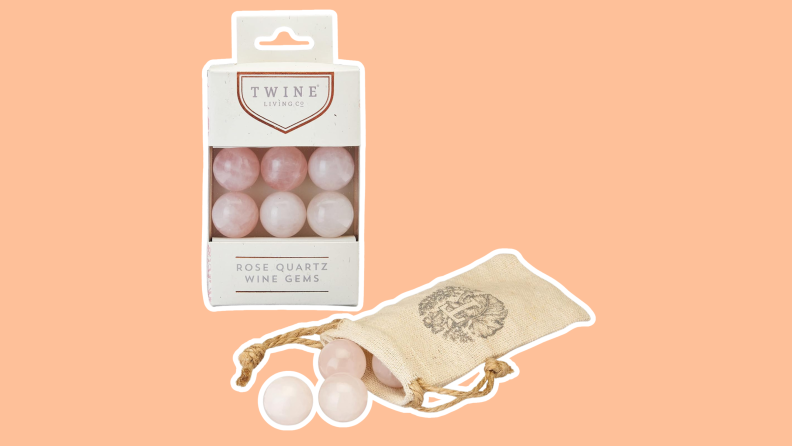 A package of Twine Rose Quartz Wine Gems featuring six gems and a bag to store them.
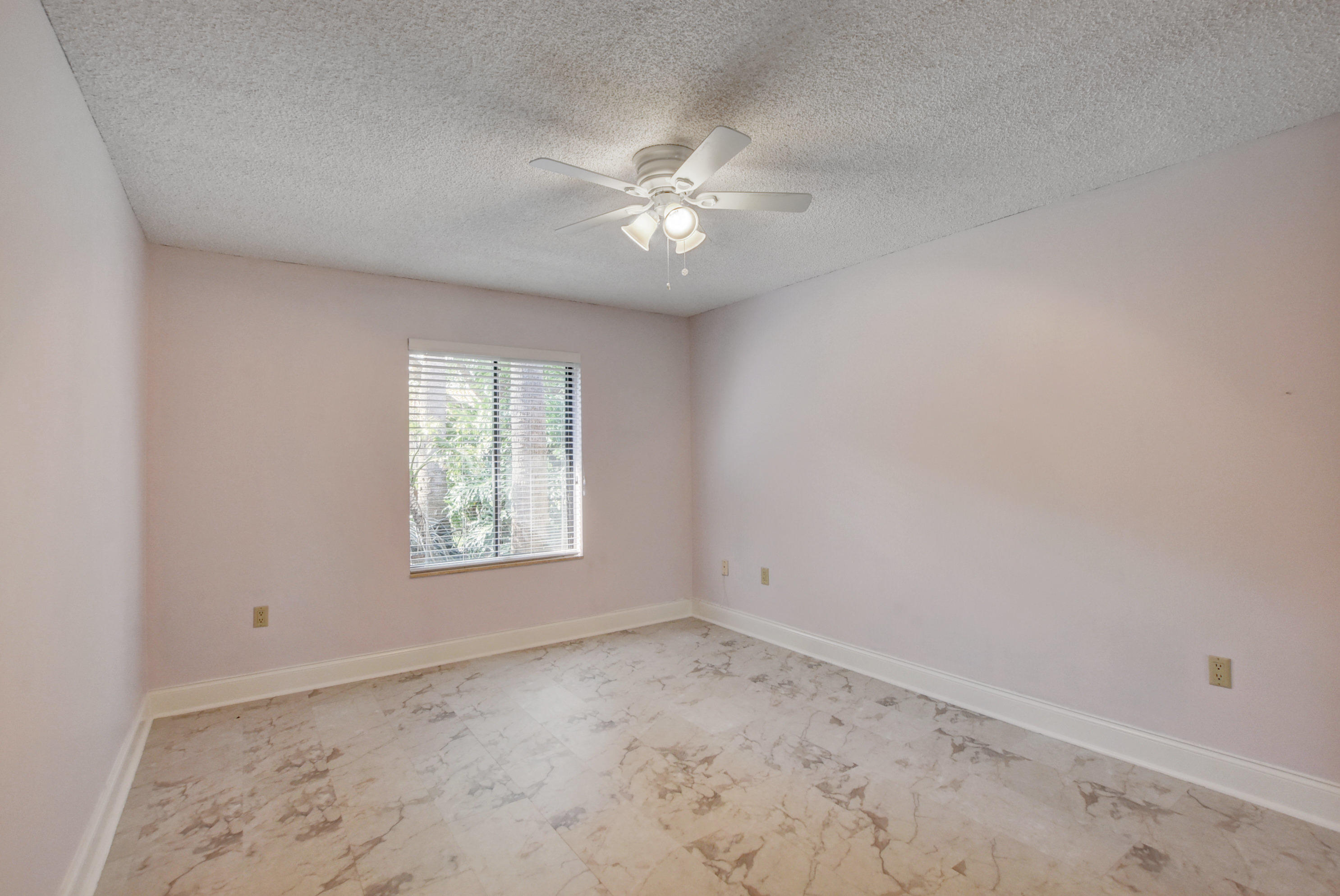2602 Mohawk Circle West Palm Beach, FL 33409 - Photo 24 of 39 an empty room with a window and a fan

==

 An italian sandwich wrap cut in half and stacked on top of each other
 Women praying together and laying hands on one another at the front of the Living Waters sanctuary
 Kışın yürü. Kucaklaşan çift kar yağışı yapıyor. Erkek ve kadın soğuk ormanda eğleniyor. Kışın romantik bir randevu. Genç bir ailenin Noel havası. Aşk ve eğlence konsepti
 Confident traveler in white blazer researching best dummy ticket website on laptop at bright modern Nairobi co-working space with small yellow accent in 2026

...

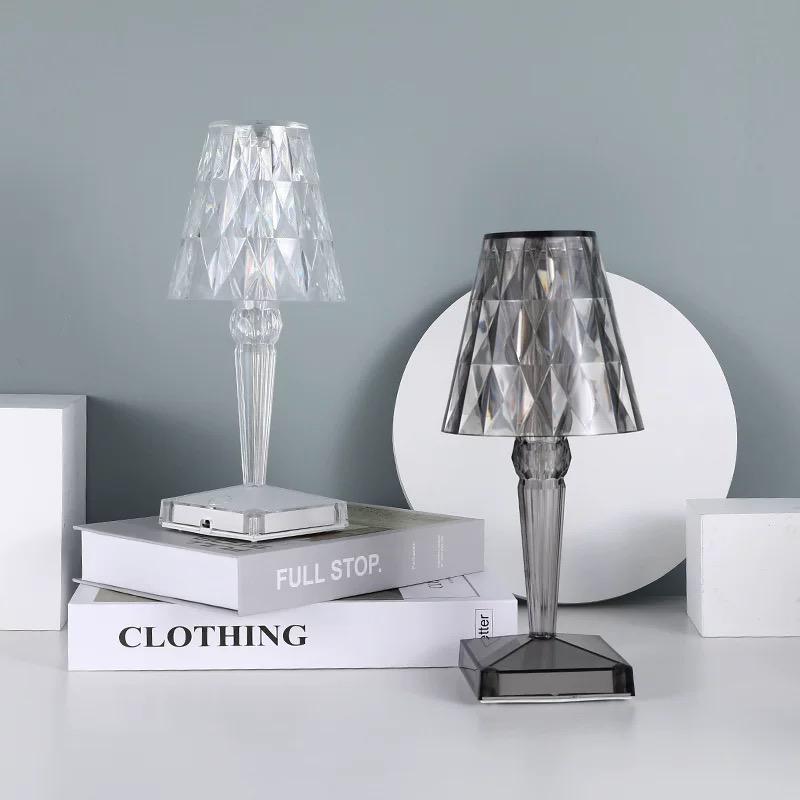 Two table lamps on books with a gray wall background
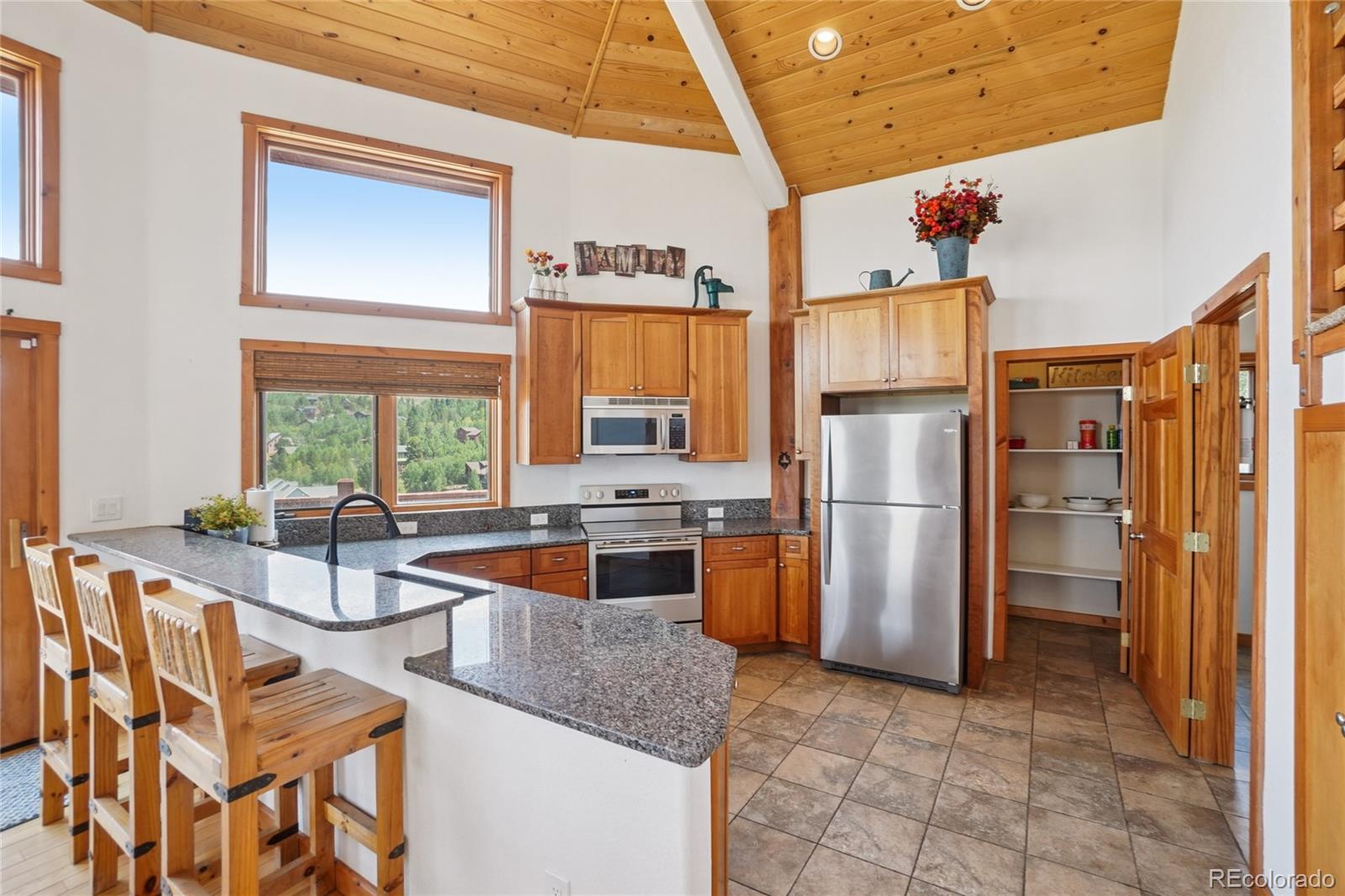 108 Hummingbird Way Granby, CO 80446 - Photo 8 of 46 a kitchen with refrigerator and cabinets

- _What is expected_
Reproduce, exactly and only, the lines of the records above starting at the line with "Two table lamps" and ending at the line with "108 Hummingbird Way", both included. Leave every picture out.

- _Response to this task_
 Two table lamps on books with a gray wall background
 108 Hummingbird Way Granby, CO 80446 - Photo 8 of 46 a kitchen with refrigerator and cabinets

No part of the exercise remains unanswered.